A comprehensive November 9, 2007 complaint filed by CEP vice-president of media Peter Murdoch to the Canadian Radio-television Telecommunications Commission (CRTC) summarizes the situation in one fundamental criticism: “To the best of CEP’s knowledge, the current terms and conditions under which most CanWest stations operate are set out in CRTC decisions from 2000 and 2001. CEP submits that by removing production responsibility and decision-making authority about its local newscasts from its television stations, CanWest is now, and will continue to be, operating in breach of these decisions. It is essentially transforming these undertakings from originating programming stations operated for the benefit of local communities by employees located in those communities, into something entirely different.”

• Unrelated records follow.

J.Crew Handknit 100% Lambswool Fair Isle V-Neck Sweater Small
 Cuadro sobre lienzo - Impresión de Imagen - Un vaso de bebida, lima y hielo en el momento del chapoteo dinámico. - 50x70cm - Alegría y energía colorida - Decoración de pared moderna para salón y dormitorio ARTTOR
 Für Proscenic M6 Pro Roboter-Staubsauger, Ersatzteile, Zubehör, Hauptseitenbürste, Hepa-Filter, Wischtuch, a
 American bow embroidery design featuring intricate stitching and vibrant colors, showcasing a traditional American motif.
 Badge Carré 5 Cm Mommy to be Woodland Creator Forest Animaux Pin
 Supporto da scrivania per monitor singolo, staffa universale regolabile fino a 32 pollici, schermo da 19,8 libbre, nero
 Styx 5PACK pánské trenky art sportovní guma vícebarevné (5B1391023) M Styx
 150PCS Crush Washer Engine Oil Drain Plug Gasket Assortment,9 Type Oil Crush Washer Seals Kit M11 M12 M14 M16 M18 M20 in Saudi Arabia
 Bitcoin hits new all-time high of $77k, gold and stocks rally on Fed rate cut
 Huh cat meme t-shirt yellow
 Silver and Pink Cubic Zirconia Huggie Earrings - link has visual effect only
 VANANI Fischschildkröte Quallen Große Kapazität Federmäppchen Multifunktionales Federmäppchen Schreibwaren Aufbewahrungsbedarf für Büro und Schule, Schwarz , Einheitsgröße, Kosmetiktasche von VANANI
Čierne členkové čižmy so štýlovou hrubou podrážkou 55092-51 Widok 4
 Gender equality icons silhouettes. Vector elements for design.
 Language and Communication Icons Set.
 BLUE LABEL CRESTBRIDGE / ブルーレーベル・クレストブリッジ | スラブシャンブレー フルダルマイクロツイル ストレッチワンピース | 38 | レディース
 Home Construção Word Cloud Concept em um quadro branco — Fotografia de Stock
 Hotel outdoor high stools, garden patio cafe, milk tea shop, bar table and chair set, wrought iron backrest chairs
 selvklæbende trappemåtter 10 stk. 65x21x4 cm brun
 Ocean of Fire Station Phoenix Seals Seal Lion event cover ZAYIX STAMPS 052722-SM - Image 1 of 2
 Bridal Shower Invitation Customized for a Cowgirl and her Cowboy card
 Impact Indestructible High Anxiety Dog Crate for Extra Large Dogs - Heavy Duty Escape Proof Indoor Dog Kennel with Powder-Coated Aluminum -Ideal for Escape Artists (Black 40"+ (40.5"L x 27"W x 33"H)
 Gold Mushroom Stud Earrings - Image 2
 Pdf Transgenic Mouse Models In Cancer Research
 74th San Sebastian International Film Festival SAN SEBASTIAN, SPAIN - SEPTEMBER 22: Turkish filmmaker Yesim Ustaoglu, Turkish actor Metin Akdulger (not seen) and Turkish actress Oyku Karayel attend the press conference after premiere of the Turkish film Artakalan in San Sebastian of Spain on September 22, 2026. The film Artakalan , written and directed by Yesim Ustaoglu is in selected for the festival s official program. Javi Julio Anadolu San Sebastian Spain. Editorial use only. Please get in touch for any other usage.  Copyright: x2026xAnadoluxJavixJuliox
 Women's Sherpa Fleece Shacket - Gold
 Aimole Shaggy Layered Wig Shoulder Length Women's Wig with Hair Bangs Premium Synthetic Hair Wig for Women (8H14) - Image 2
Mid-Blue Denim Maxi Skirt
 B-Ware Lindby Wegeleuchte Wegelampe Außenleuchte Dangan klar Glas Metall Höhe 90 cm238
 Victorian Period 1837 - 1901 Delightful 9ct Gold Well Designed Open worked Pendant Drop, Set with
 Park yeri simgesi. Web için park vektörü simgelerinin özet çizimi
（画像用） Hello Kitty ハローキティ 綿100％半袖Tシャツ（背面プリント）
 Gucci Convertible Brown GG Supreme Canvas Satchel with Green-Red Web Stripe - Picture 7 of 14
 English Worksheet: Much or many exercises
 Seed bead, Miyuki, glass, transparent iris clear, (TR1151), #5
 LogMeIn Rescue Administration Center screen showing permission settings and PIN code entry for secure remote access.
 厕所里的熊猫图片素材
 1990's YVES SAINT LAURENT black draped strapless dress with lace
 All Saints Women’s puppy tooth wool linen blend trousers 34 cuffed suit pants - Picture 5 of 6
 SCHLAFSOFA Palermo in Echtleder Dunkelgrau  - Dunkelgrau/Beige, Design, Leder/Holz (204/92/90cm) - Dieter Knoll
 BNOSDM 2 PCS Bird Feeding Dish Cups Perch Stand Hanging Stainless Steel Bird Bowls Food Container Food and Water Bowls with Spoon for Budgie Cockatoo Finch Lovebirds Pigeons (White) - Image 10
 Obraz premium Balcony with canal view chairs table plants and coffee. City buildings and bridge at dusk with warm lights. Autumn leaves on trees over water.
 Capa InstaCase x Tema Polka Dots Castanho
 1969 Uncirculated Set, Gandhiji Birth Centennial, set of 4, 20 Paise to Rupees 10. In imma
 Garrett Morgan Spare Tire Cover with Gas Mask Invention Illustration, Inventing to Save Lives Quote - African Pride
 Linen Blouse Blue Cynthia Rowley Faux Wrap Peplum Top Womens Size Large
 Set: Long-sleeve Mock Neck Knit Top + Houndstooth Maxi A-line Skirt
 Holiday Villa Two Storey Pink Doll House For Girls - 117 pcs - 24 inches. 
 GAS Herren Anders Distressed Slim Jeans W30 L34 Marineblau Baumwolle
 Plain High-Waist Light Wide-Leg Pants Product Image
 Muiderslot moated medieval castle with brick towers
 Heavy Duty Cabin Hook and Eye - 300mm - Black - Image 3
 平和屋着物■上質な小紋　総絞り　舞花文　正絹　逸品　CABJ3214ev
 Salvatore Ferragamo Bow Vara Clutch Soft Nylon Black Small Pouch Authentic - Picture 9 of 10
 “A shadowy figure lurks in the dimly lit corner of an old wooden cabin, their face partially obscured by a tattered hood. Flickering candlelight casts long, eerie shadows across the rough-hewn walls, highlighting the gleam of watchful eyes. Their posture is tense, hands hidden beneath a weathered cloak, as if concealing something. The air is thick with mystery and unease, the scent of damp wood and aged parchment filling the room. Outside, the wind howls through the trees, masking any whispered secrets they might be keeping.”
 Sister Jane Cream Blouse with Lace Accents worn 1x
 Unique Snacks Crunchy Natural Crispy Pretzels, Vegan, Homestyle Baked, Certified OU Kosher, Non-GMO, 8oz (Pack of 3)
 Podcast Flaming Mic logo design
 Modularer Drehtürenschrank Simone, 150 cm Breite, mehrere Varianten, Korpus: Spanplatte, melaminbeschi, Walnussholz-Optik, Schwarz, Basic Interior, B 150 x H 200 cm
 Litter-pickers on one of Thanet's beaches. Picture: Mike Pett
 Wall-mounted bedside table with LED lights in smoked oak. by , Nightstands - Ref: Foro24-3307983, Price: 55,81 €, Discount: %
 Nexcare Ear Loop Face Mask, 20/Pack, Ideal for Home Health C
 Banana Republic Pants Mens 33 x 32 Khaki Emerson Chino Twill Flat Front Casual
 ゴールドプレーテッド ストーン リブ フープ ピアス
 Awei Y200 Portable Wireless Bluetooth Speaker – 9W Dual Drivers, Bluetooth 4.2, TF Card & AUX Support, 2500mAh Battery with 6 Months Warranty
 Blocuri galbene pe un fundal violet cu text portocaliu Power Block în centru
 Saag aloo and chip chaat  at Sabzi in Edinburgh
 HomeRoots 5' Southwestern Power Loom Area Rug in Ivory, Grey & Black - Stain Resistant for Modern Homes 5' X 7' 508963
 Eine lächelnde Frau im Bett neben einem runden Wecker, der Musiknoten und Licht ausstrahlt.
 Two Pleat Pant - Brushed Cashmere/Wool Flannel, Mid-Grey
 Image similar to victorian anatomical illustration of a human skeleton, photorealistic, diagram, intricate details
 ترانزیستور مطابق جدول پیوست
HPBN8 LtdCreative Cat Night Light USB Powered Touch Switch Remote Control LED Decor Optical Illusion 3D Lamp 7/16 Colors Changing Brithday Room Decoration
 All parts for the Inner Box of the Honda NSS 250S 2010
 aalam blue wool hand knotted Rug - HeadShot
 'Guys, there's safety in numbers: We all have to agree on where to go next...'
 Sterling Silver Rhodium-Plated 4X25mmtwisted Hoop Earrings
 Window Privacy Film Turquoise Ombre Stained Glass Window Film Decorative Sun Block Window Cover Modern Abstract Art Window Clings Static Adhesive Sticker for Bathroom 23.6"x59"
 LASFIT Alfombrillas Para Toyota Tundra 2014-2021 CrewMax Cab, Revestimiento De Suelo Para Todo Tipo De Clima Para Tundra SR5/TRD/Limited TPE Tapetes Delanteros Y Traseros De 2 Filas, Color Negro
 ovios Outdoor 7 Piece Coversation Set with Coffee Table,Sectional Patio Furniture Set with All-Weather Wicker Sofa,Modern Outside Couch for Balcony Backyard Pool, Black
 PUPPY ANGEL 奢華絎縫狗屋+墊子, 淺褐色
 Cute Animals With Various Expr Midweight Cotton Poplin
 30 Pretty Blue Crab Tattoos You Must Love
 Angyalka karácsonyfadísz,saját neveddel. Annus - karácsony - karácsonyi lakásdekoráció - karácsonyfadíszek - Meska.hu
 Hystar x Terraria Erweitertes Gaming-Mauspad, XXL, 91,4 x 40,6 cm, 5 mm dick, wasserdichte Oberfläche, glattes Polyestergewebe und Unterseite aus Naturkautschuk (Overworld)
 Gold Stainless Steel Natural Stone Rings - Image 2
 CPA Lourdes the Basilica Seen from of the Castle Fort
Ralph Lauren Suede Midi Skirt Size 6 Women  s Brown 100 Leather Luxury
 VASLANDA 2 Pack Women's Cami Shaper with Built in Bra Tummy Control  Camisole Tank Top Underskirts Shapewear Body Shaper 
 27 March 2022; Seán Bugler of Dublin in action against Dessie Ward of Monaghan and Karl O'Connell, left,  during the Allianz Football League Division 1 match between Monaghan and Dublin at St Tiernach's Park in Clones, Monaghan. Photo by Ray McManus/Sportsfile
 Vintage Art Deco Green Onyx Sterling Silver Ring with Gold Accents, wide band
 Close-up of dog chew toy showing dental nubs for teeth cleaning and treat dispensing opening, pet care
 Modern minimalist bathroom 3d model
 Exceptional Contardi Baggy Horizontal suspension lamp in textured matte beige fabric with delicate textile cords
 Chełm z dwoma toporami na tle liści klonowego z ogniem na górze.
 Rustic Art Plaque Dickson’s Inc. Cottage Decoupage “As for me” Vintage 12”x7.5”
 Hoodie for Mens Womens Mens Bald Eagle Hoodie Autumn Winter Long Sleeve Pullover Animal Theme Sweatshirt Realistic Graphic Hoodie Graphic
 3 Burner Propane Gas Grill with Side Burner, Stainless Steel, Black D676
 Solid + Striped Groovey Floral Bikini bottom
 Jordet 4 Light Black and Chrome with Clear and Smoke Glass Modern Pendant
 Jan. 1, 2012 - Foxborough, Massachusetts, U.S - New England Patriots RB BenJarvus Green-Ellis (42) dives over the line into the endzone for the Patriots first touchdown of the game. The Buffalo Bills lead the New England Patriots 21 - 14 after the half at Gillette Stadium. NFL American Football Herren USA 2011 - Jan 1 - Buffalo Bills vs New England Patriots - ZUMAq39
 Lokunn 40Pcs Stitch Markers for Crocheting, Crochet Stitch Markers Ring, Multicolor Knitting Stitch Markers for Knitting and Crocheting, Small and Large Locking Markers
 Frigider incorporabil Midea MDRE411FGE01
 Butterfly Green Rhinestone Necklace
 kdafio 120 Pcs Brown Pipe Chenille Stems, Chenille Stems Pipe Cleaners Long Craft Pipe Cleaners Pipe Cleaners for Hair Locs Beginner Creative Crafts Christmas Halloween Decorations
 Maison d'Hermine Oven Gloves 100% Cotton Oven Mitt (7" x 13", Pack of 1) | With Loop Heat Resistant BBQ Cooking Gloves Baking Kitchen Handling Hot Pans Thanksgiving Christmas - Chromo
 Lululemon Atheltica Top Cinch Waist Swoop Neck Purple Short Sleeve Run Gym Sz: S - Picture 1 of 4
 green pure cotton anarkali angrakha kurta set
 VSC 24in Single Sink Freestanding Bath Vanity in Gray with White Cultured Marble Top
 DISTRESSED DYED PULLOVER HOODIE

The CanWest plan was first unveiled to the public in an October 4 press release laden with the typical corporate euphemisms that accompany any round of job cuts: “Streamlining local production enables stronger focus on local content generation, generates substantial operational efficiencies.”

An internal memo circulated to CanWest staff the same day—complete with a “Not to be distributed outside of CanWest” caveat—describes those operational efficiencies in detail, including the installation of high definition cameras to be controlled from the Vancouver Broadcast Centre.

Stage lighting, microphone levels and teleprompters will also be controlled from the broadcast centre, as will the generation of virtual sets and graphics, while local news anchors will deliver the day’s stories in front of a green screen taking cues from a director in Vancouver. Stories edited in Victoria will be sent via broadband connection to the broadcast centre, along with suggestions from the local producer about the best order to run the stories, where it will be assembled into a consumable package, sent to CanWest master control in Calgary before being flung back to Victoria viewers.

CHEK-TV news director Rob Germain takes exception to the bleak picture painted by the communication workers union.

“Our news gathering is not going to be affected. We’re still going to have reporters and photographers here,” says Germain. “They’ll be assigned by somebody in Victoria, they’ll be edited by somebody in Victoria, news will be produced here in Victoria. We’re even creating a technical producer role here. The heart of the station is news, and news will continue to be produced as it is now.”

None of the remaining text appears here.